A Teenager Just Unlocked a Decade of Astronomical Data No One Could Read
A 17-year-old from Pasadena High School has accomplished what professional astronomers couldn't: extracting 1.5 million previously hidden variable cosmic objects from the NEOWISE telescope's decade-long infrared survey. Working under mentor Davy Kirkpatrick at Caltech, Matteo Paz developed an artificial intelligence model called VARnet that cracked open an archive containing 200 billion individual detections—data so vast that conventional analysis methods simply couldn't handle it.
The breakthrough matters because variable objects—quasars that flicker, stars that pulse, binary systems that eclipse—hold keys to understanding stellar evolution, transient events, and the dynamic universe. Until now, these objects were buried in plain sight, their signal lost in the noise of sheer abundance. Paz's work transforms a storage problem into actionable science.
How a Summer Project Became Peer-Reviewed Research
Paz arrived at Kirkpatrick's lab in summer 2023 through Caltech's Summer Research Connection program, already an unusual student: he'd completed AP Calculus in eighth grade and was already studying undergraduate-level mathematics. His secondary school elective in coding and theoretical computer science had introduced him to machine learning. On day one, he told Kirkpatrick he wanted to publish a paper. Kirkpatrick didn't laugh.

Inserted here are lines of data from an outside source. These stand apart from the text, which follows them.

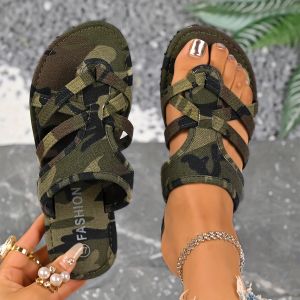 Women's Camouflage Flat Sandals - Comfortable Slip-On Beach Shoes with Bow Detail Open Toe Low Heel EVA Sole and Fabric Lining for Summer Casual Wear Strappy Sandals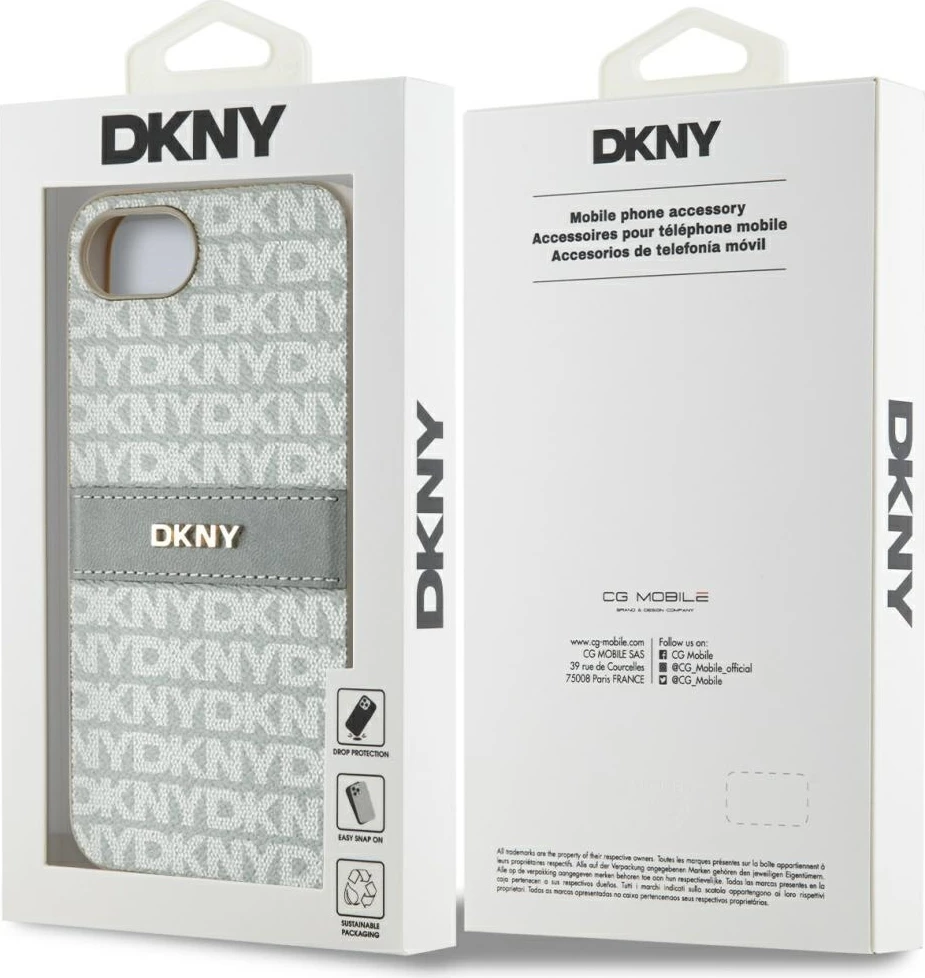 Mbështjellës DKNY Repeat Texture Pattern me shirit dhe logo metalike, për iPhone 16e, Bezhe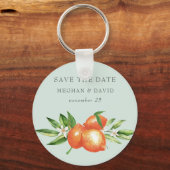 Oranje bloesems Citrus Botanical Save the Date Sleutelhanger (Voorkant)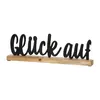 Deko Schriftzug Glück auf aus Mangoholz und Aluminium Produktbild-Vorschau 3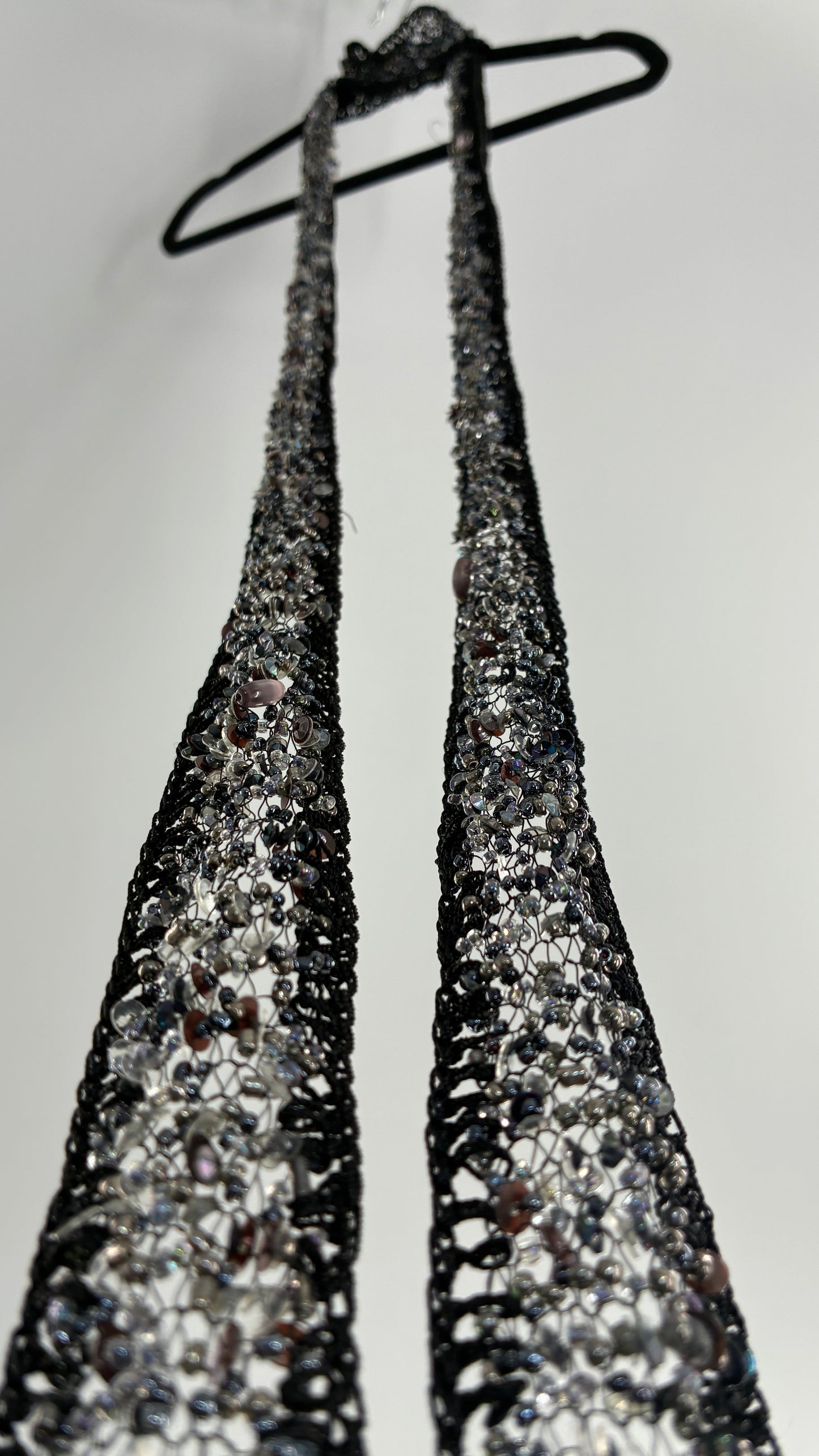 Vintage Black Netted + Crochet Scarf Necklace Covered in Heavy Beading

Kirkpatrick's mentoring philosophy was shaped by his own experience—a Tennessee chemistry and physics teacher named Marilyn Morrison identified his potential and mapped his path to becoming an astronomer. Decades later, he channeled that same approach with Paz, connecting him to Caltech researchers Shoubaneh Hemmati, Daniel Masters, Ashish Mahabal, and Matthew Graham, who provided expertise in machine learning for time-domain astronomy.
The collaboration revealed a critical limitation: NEOWISE's scanning pattern, centered on great circles around the Sun, systematically misses objects that flash once and fade, or change gradually over years. No fully automated catalog based on NEOWISE alone will catch every variable phenomenon. That constraint shapes what Paz's 1.5 million candidates actually represent.
The Technical Accomplishment
VARnet processes astronomical time-series data through three integrated stages: wavelet decomposition reduces spurious measurements, a modified discrete Fourier transform extracts periodic features from irregularly sampled light curves, and a convolutional neural network classifies each source into four categories—non-variable, transient events like supernovae, intrinsic pulsators, or eclipsing binaries.
The model runs at less than 53 microseconds per source on a GPU with 22 gigabytes of VRAM, achieving an F1 score of 0.91 on validation data of known variables. That efficiency matters because it scales: Paz's approach can process the entire NEOWISE dataset, something that would have taken conventional methods years, if they could work at all. The Astronomical Journal published the complete technical specifications in peer review, legitimizing both the method and the teenager who built it.
What Comes Next
The 1.5 million flagged sources are candidates, not confirmations. Some will be known objects characterized in infrared wavelengths for the first time. Some will be false positives. Some fraction—the size of which remains unknown—will be genuine discoveries of quasars, variable stars, and transient events requiring follow-up observation. The full catalog is scheduled for release in 2025, providing the astronomical community a dataset large enough to support statistical studies of infrared variability across the entire sky rather than piecemeal analyses. Paz, now a Caltech employee at IPAC while finishing high school, has already begun discussing potential applications beyond astronomy—time-series analysis in financial markets, atmospheric pollution tracking, and other fields where periodic patterns matter. The teenager who walked into a lab with ambition just handed astronomers a decade's worth of new work.